§ **Data provided**:
______________________________

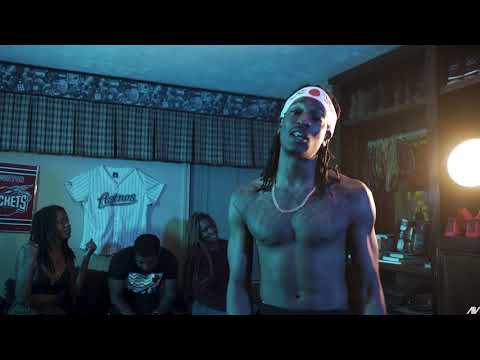 Come N' Go | Deus Lee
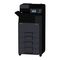 All-in-One-Drucker Kyocera TASKalfa 306ci Kurzanleitung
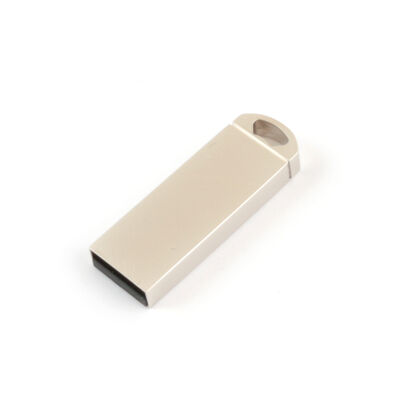 암호화 가능 금속 USB 플래시 드라이브 윈도우 호환 적기 속도 초당 5 ~ 10 메가바이트 데이터 저장 장치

______________________________

§ **To do**: Quote exactly the lines from the line that contains "All-in-One-Drucker Kyocera TASKalfa" through the last line of the listing, please, leaving out all pictures.

§ **Solution for this task**:
 All-in-One-Drucker Kyocera TASKalfa 306ci Kurzanleitung
 암호화 가능 금속 USB 플래시 드라이브 윈도우 호환 적기 속도 초당 5 ~ 10 메가바이트 데이터 저장 장치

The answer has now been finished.